▸ Your task
The records that follow are to be repeated exactly, without any pictures.

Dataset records
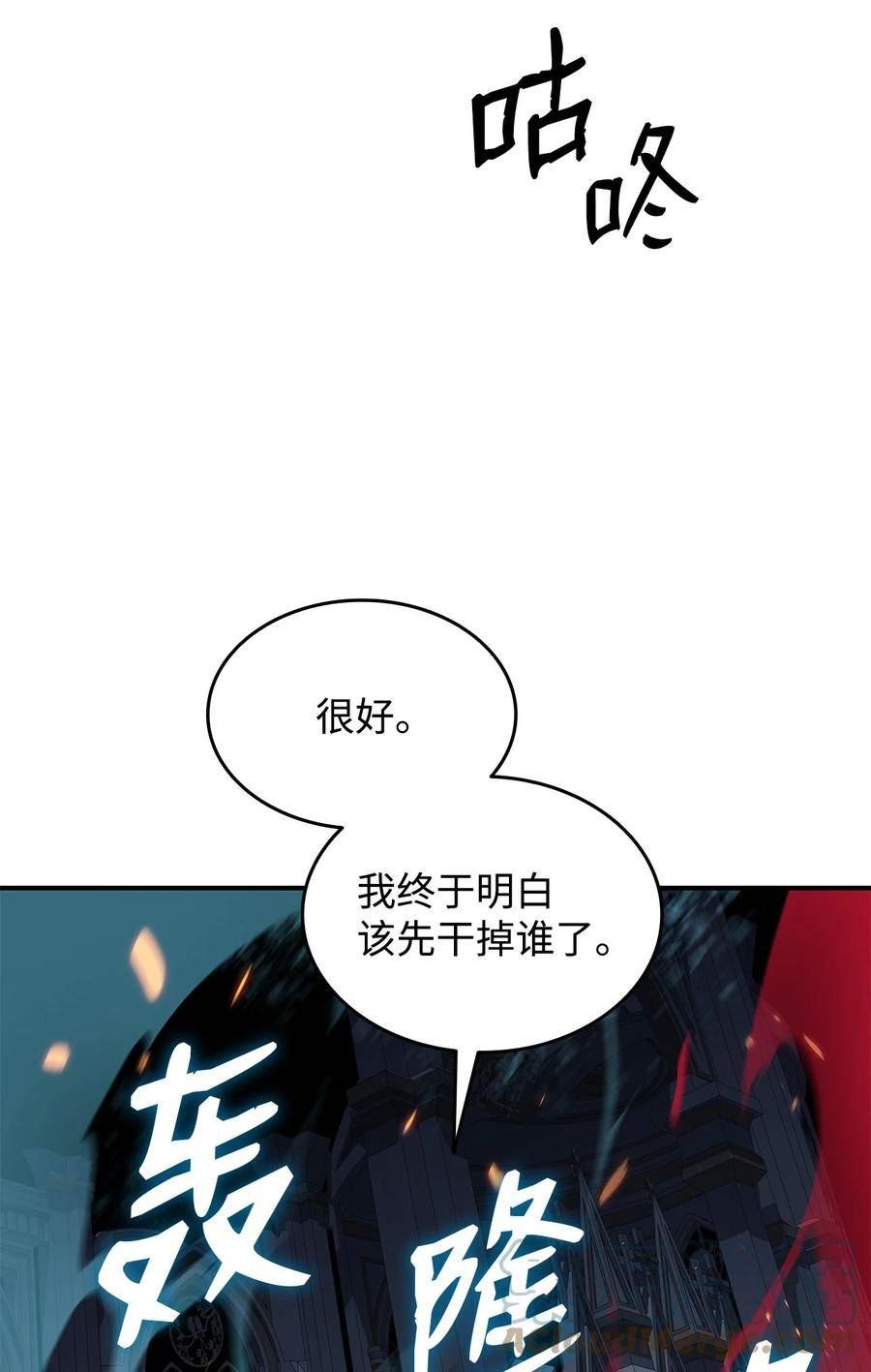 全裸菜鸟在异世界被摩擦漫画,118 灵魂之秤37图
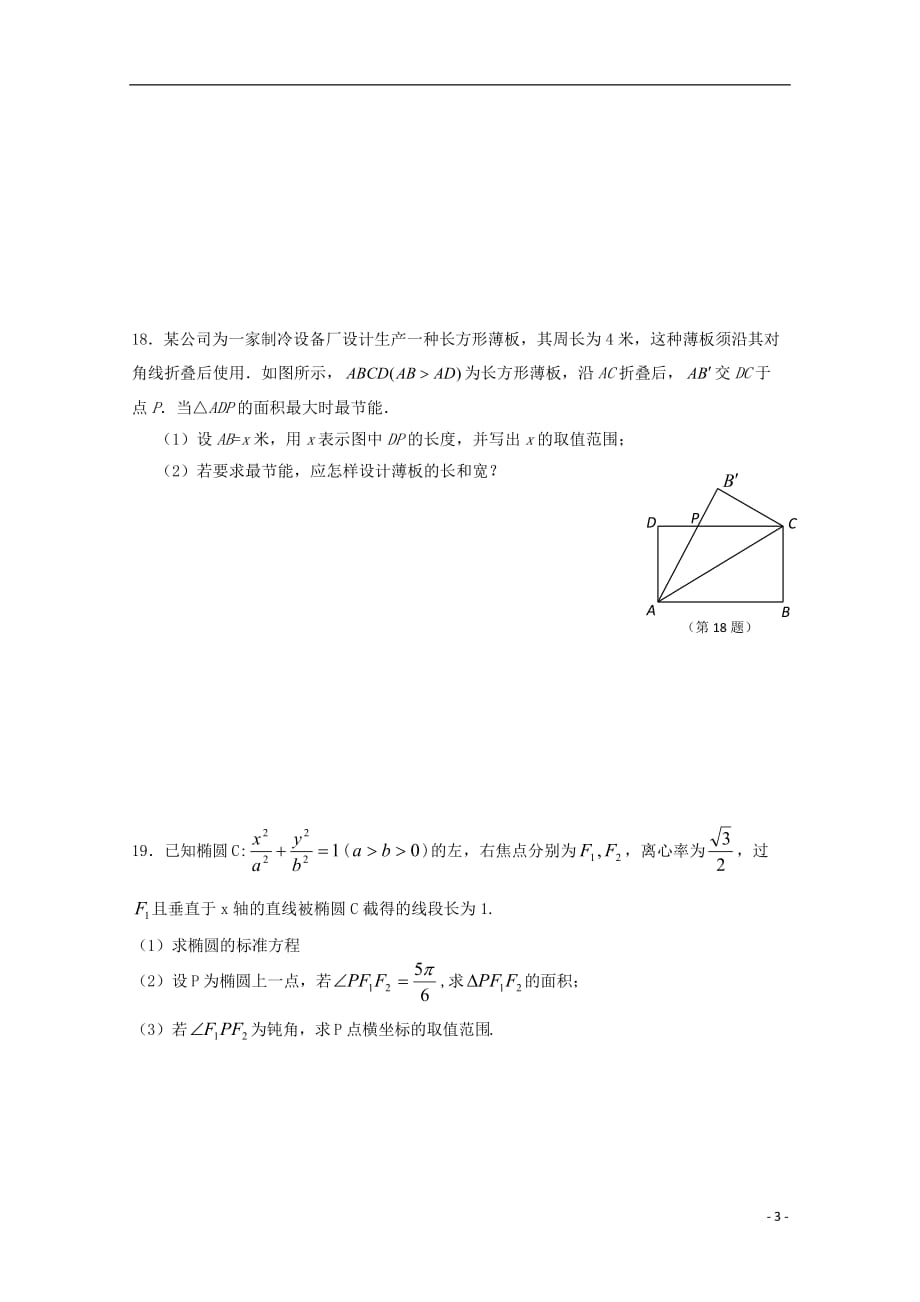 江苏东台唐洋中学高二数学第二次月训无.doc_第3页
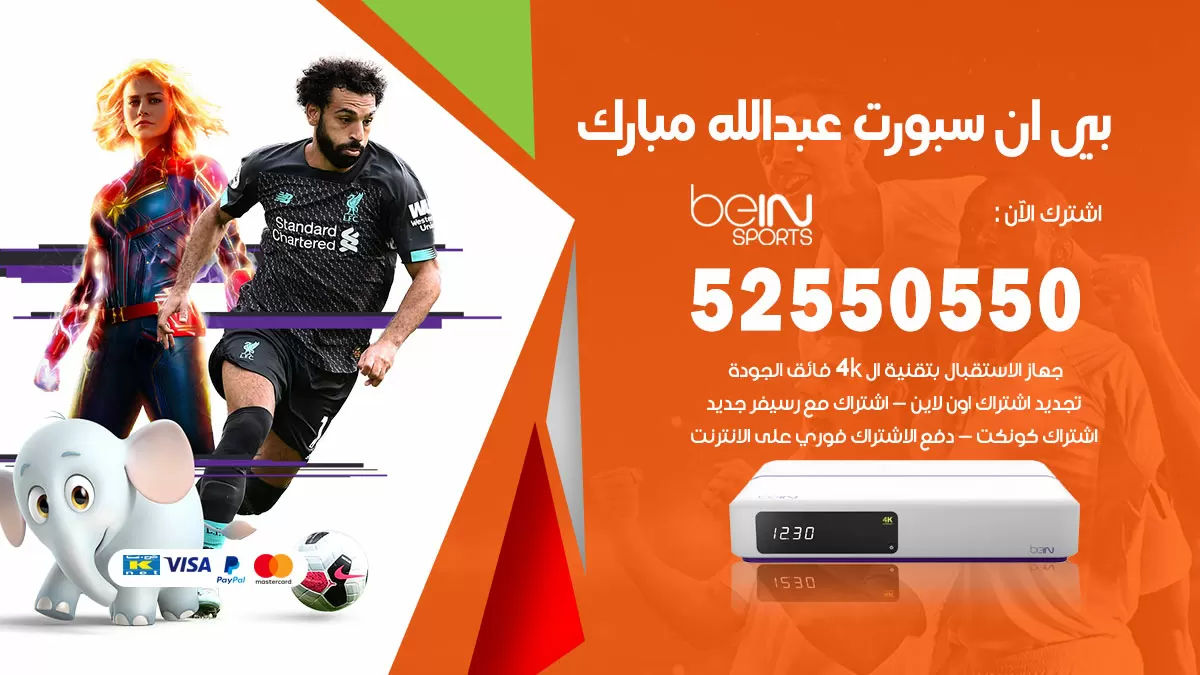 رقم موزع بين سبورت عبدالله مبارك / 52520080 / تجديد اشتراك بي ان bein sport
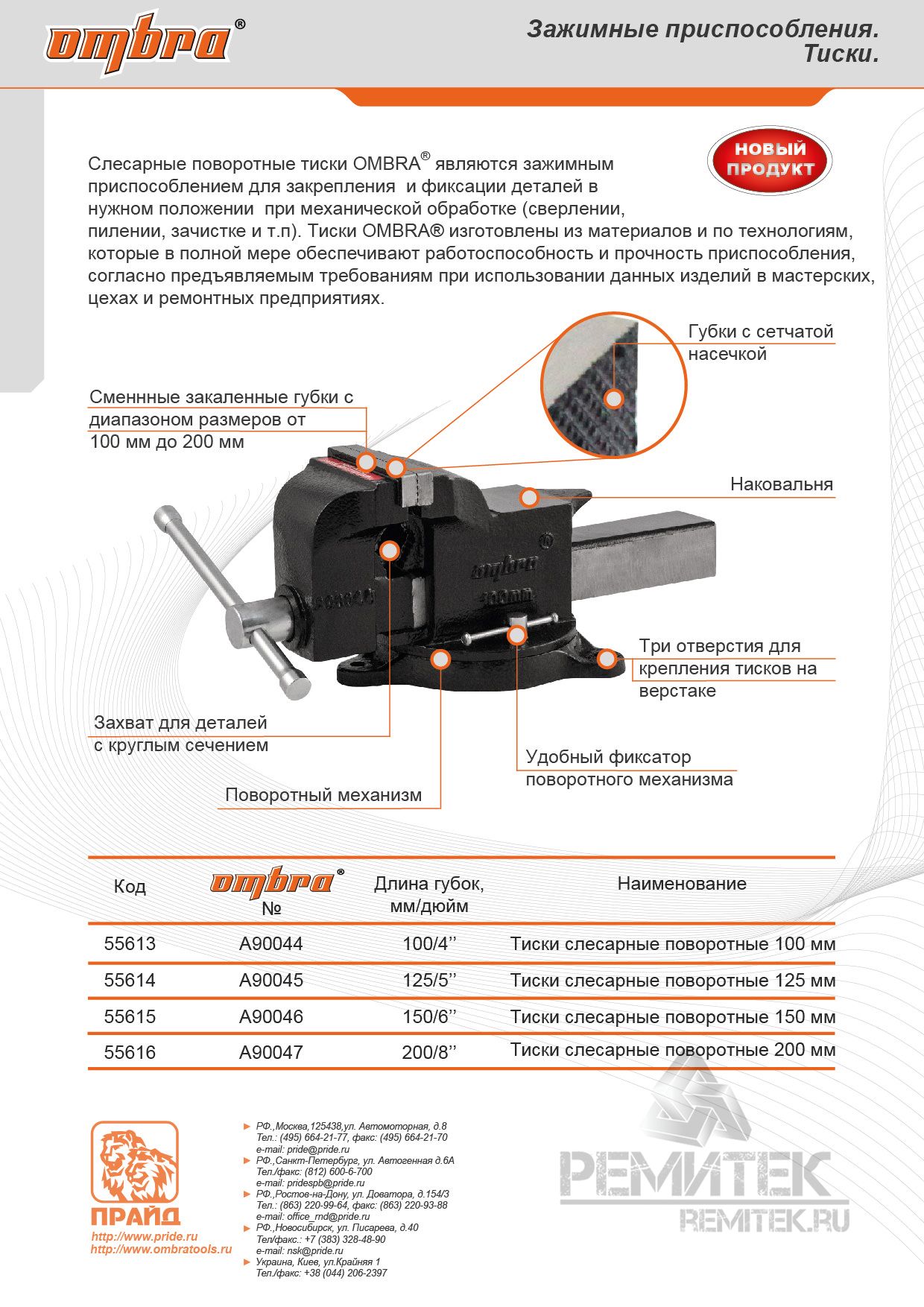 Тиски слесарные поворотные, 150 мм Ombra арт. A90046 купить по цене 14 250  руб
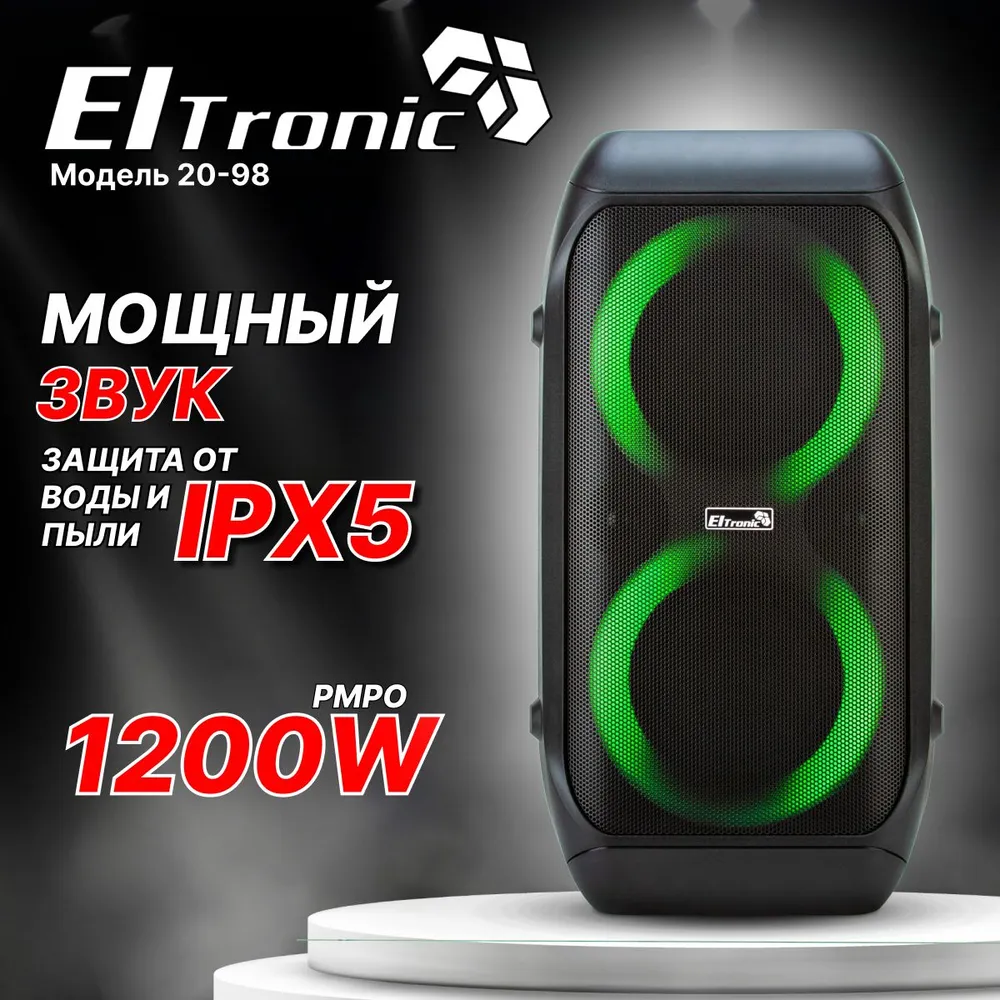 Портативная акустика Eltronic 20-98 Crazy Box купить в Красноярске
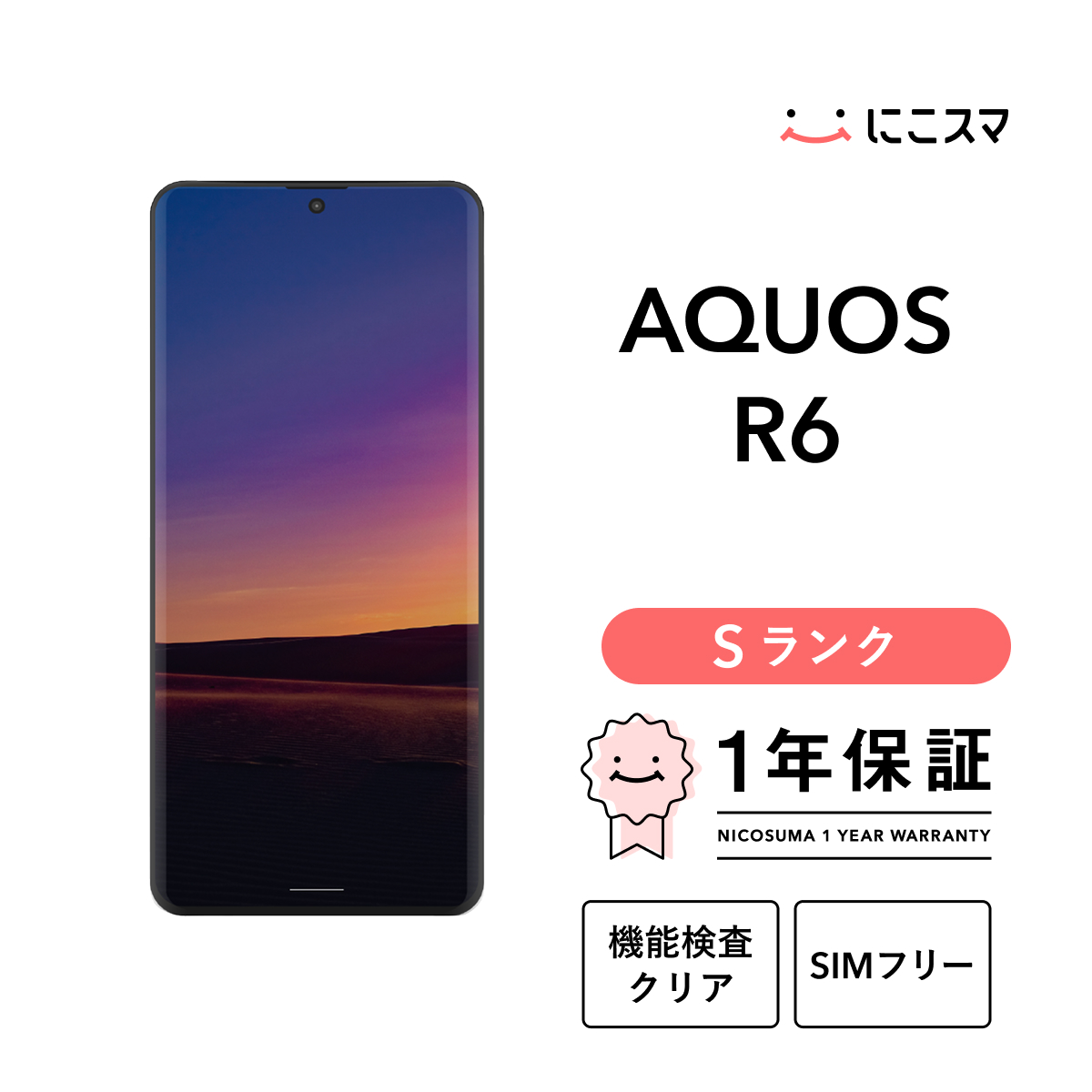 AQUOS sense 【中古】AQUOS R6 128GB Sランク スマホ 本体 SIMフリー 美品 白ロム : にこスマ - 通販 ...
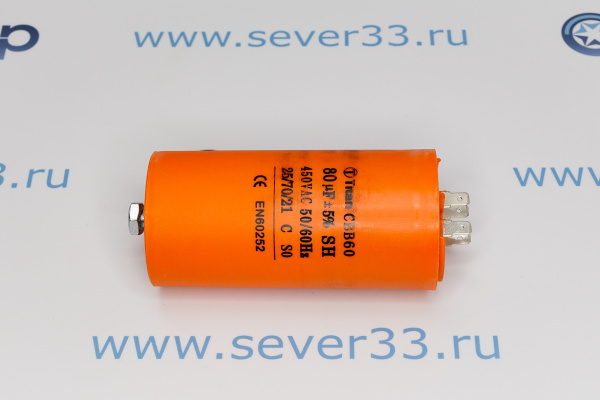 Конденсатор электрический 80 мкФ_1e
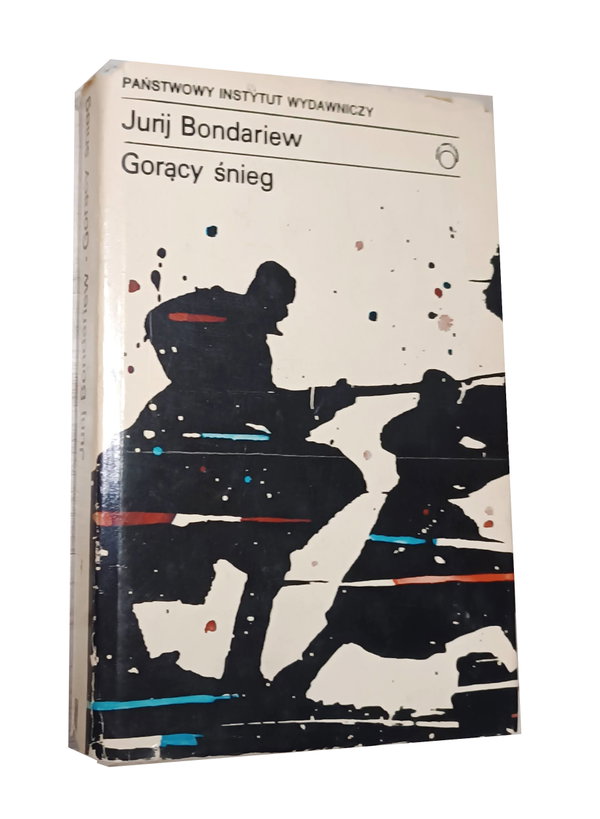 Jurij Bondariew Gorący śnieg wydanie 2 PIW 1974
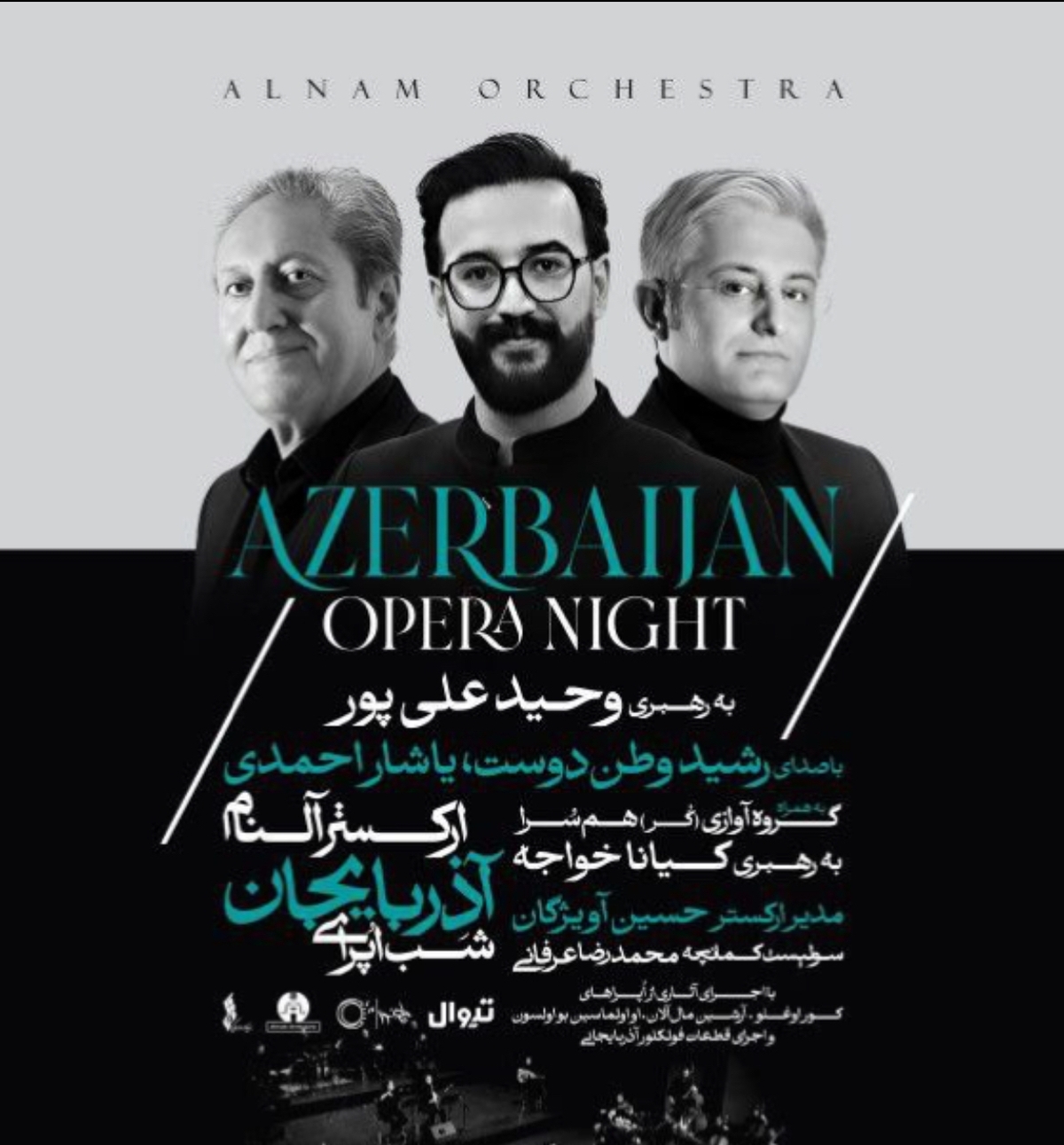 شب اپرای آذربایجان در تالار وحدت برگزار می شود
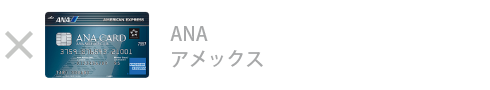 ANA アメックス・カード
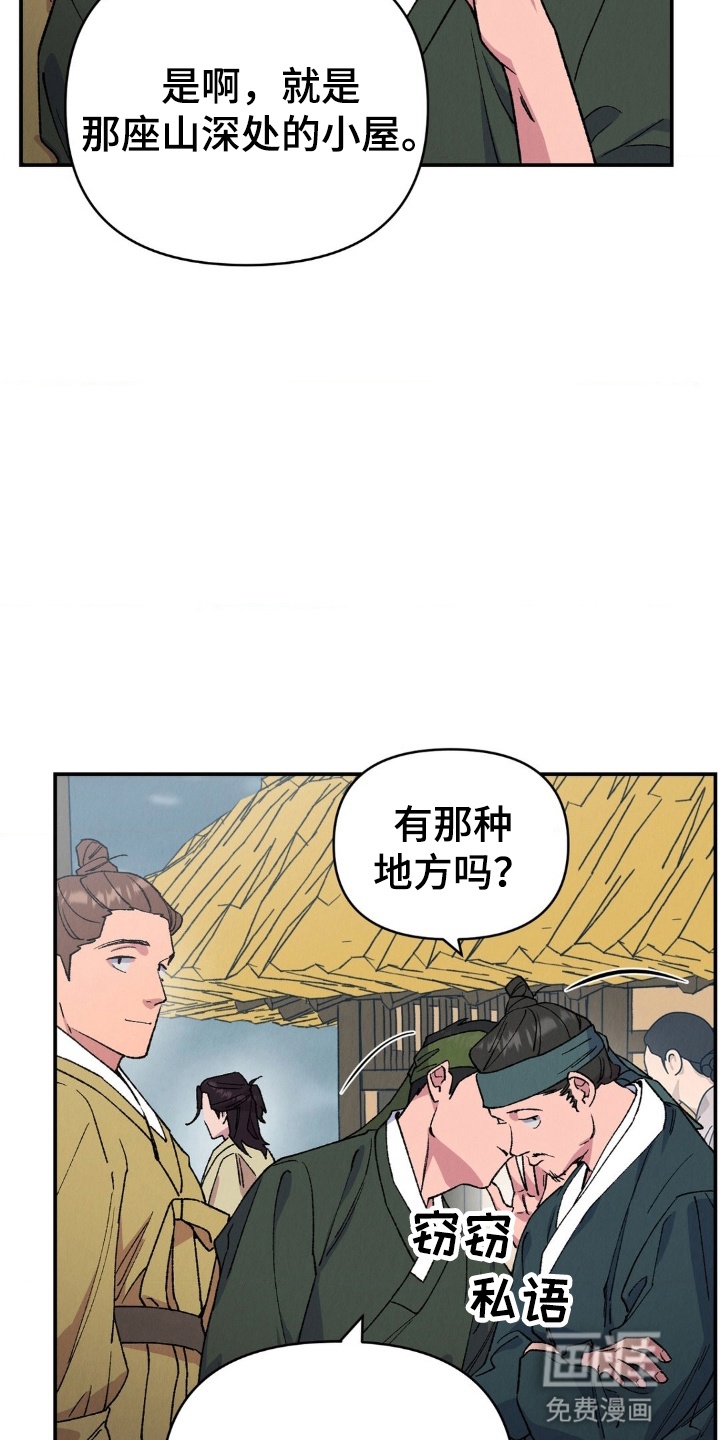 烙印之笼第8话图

▸ Task answer
 全裸菜鸟在异世界被摩擦漫画,118 灵魂之秤37图
 江苏东台唐洋中学高二数学第二次月训无.doc_第3页
 رقم موزع بين سبورت عبدالله مبارك / 52520080 / تجديد اشتراك بي ان bein sport
 Тиски слесарные поворотные, 150 мм Ombra арт. A90046 купить по цене 14 250  руб
 Портативная акустика Eltronic 20-98 Crazy Box купить в Красноярске
 AQUOS sense 【中古】AQUOS R6 128GB Sランク スマホ 本体 SIMフリー 美品 白ロム : にこスマ - 通販 ...
 Конденсатор электрический 80 мкФ_1e
 Jurij Bondariew Gorący śnieg wydanie 2 PIW 1974
 شب اپرای آذربایجان در تالار وحدت برگزار می شود
 ANA アメックス・カード
 烙印之笼第8话图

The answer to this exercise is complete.